In view of this single mission that Prophet (s) did, we must continue his work of bringing guidance and nur to humanity. He said that in order to accomplish this we must work, hand in hand with other Muslims—by means of this ayah he emphasized the importance for all Muslims of all different forms of practice to come together to further this message.
He emphasized Prophet’s (s) example of bringing brotherhood between people by means of pairing the ansar with the muhajiroon. He emphasized that although the Companions disagreed over things at times, they would set aside their disagreements in light of their respect for and love of the Holiest Messenger (s).
He emphasized that we should, firstly, focus on this overriding mission rather than on the minor differences between Sunni and Shi’a, and secondly, that we should come closer together in order to know one another because just opening enough knowledge to bridge gaps of ignorance will solve by itself many problems.
He minimized differences of practice between Sunni and Shi’a, saying that even the differences between the Ja’fari madhhab and the Sunni madhahib is not that much, and emphasizing that the founders of the madhahib used to keep mutual respect and used to pray behind each other without disputing differences of practice—even following the practices of another madhhab’s imam when in his presence rather than arguing with him.
Imam Ali Suleman Ali also emphasized similar issues.

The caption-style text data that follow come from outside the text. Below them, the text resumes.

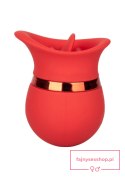 French Kiss Sweet Talker Red French Kiss Sweet Talker Red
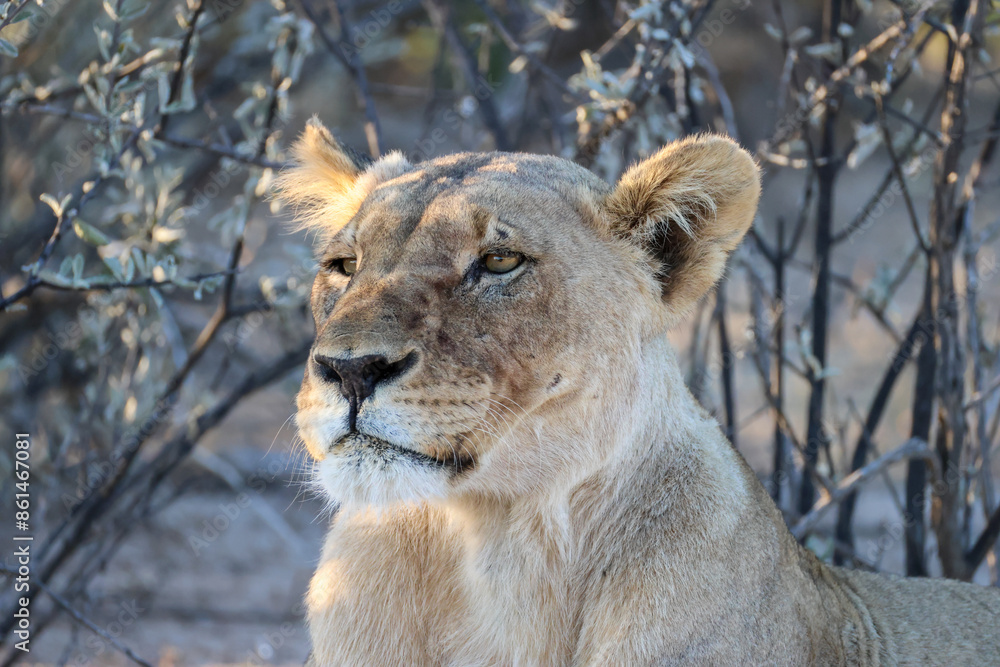 Fototapeta premium juvenile lion in the savannah of Namibia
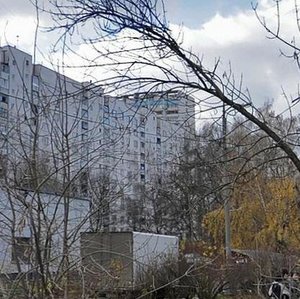 Stroginsky Boulevard, 7к1, Moscow: photo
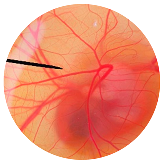 Nanomaterials 13 02931 i016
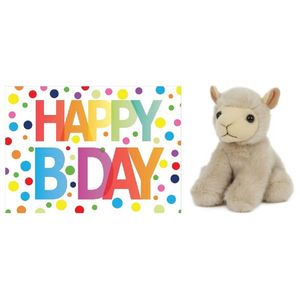 Pluche knuffel lammetje/schaap 13 cm met A5-size Happy Birthday wenskaart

Imam Ali is a Ph.D. holder who received his doctorate from the University of Michigan Ann Arbor.
He emphasized that in his early days in Michigan, decades ago, he and other Sunni imams including Shaykh Musa, now of the Bloomfield Unity Center, used to visit Shaykh Berry’s father on Fridays and sit and joke together and spend pleasant time with one another.
He said that in fact there are no problems between Sunni and Shi’a here in the US, but that historically there have been some differences. He said we should bury these issues and focus on what’s good for Muslims as a community. He emphasized shahada, of clinging to “hablil Lah jami’an,” and emphasized that there are many efforts today to divide Muslims based on sex, race, and differences of practice and belief like Sunni and Shi’a.

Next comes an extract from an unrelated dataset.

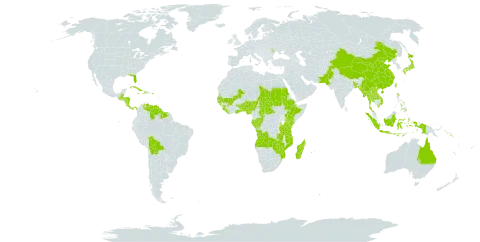 Curculigo world distribution map, present in Angola, Andorra, Australia, Benin, Burkina Faso, Bangladesh, Belize, Bolivia (Plurinational State of), Central African Republic, China, Congo, Costa Rica, Cuba, Dominica, Ethiopia, Gabon, Ghana, Guinea, Gambia, Guinea-Bissau, Guatemala, Guyana, Honduras, Haiti, Indonesia, Jamaica, Japan, Kenya, Lao People's Democratic Republic, Liberia, Moldova (Republic of), Madagascar, Mali, Myanmar, Mozambique, Mauritius, Nigeria, Nicaragua, Nepal, Pakistan, Panama, Philippines, Puerto Rico, Réunion, Sudan, Senegal, Solomon Islands, Sierra Leone, Suriname, Seychelles, Chad, Togo, Thailand, Taiwan, Province of China, Tanzania, United Republic of, Uganda, United States of America, Venezuela (Bolivarian Republic of), Viet Nam, Zambia, and Zimbabwe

He thanked Shaykh Berry for coming, and emphasized several definite plans for Sunni Shi’a cooperation in the immediate future.
In their questions and answers the people of the mosque asked questions for which there are not easy and clear-cut answers, (1) trying to establish universal acceptance of an ‘ied day, (2) to establish that Sunni and Shi’a zabiha-halal meat is mutually acceptable (Shaykh Ali said unequivocally that Shi’a zabiha halal meat is acceptable for Sunnis), (3) how to prevent the terrible division between Sunnis and Shi’a in Iraq from spreading here and to other places (Shaykh Berry said that in fact America is the shining example for the rest of the Muslim world, because we have held so many mutual Sunni-Shi’a gatherings since the terrible Samarra boming, and Shaykh Ali said that no Muslim could have bombed that shrine), (4) what we can do as Muslims to come together (Shaykh Berry said that religious people are open to come together, but that some people in the community are not religious and therefore not open to relations with people of different ethnicities), (5) asked whether Sunnis and Shi’a can pray behind each other.
Shaykh Berry’s response to this last question was very nicely worded, emphasizing again that the founders of the madhahib used to show respect to one another by following the rulings of the other major jurists when in their presence in order to show respect and mutual love and honor, and would pray behind one another even in a manner out of keeping with their own practices for the sake of mutual respect—therefore we also should adhere to this practice of mutual respect despite differences of opinion and law.